I'll also offer at least one answer on your question to chrib.
1. If I get a 10% gain in less than 5 days, I take partial profits off the table. I don't care if it reverses the next day or continues up.
2. If a stock makes a big jump in one day, called a "dominate candle", it should not retrace more than half of that candle if it's going to continue moving up. Ideally, it retraces less than this. The "perfect" retracement is a 3 day withdraw that stays above the midpoint. So, if you get in on a big day, take partial profits, then place a stop on the rest just below the midpoint of the dominate candle.
3. If you watch prices intraday, you can often see the price double, tripple top at a certain price. If it doesn't break through this short term resistance, it's withdrawing. We may not necessarily know, but it's retreating.

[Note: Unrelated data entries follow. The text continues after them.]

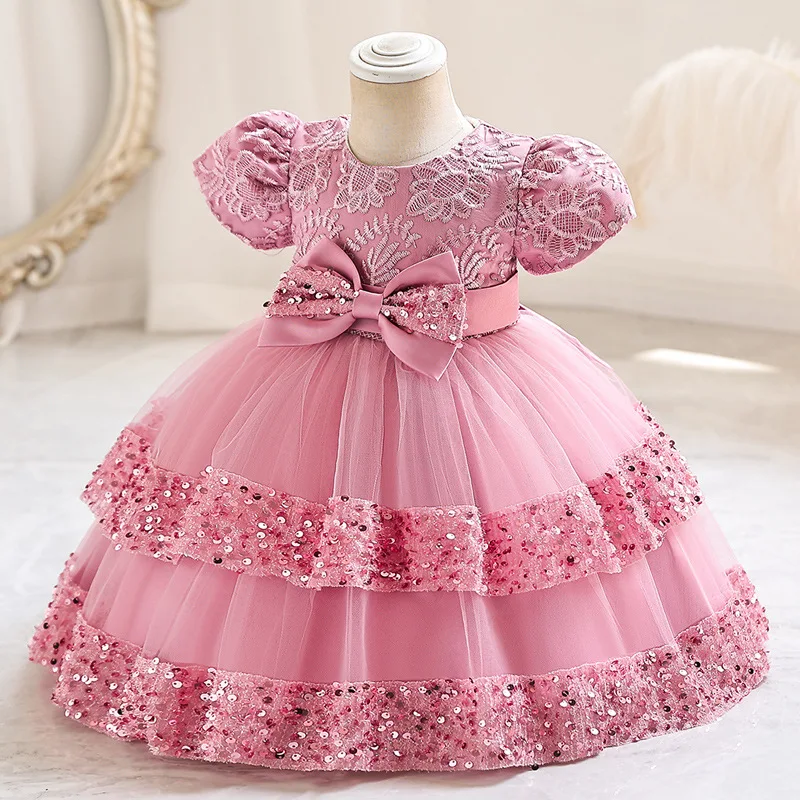 Baby Girls Evening Dress Fashion Bow Mesh Princess Dresses Piano Competition Costume Clothes Children Birthday Party Gifts 2024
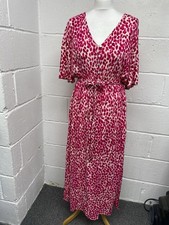 ICHI Pink Petal Print Flutter Sleeve Maxi Dress Tie Waist Size L PT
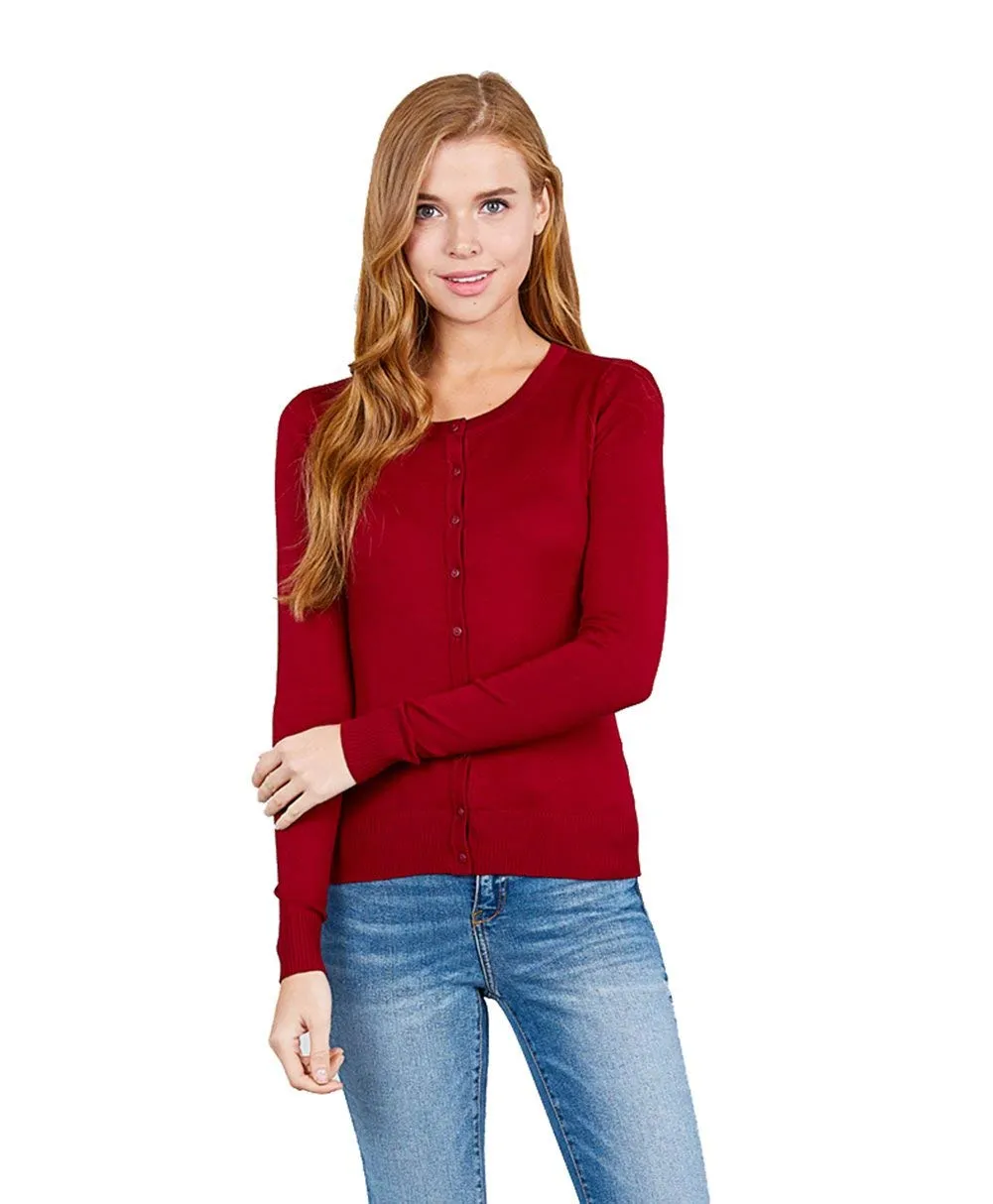 Women's Basic Long Sleeve Round Neck Button Down Rayon Sweater Cardigan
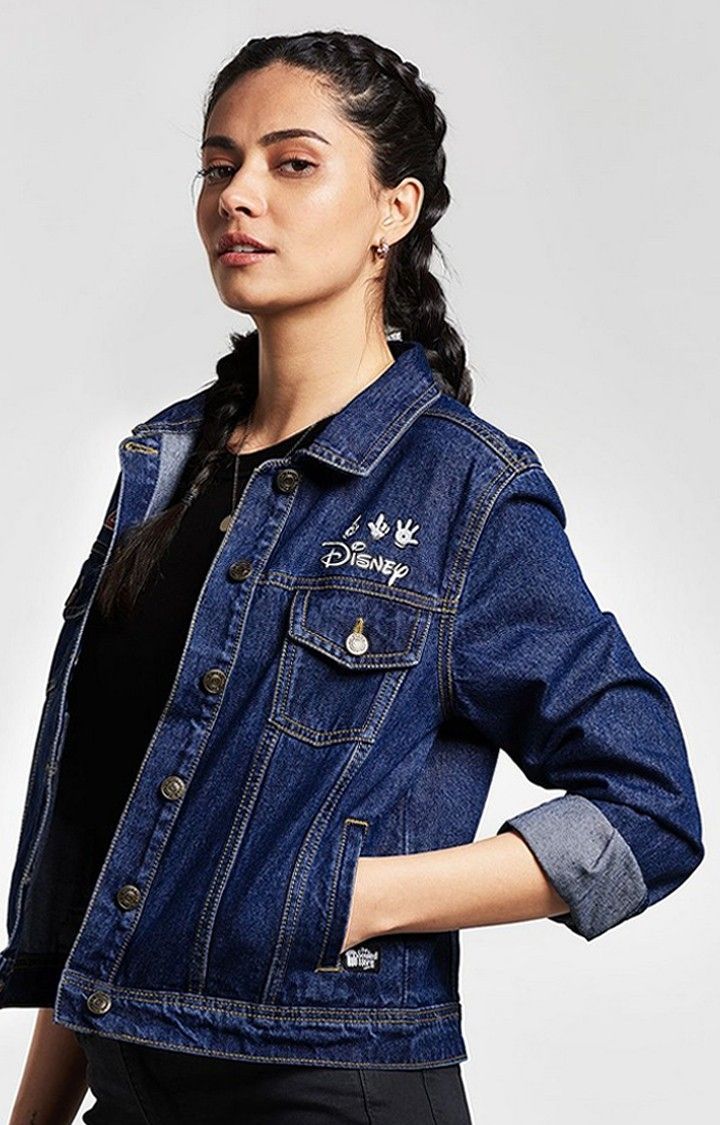 Women's Disney Blue Printed Denim Jacket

4. There's a rule I follow called the "Three Day Rule". It means most stock moves occur over a 3 day period. Day 1, the smart money is buying, starting the move. Day 2, the more astute traders are buying because they observed the first days move. Day 3, the "dumb" money is buying because the move is now plainly obvious. Day 3 often ends in a retreat. Never buy on Day 3! So, if you see two UP days in a stock, wait it out, don't chase it. If you're in on Day 1 or 2, good job start looking to sell to the "dumb" money!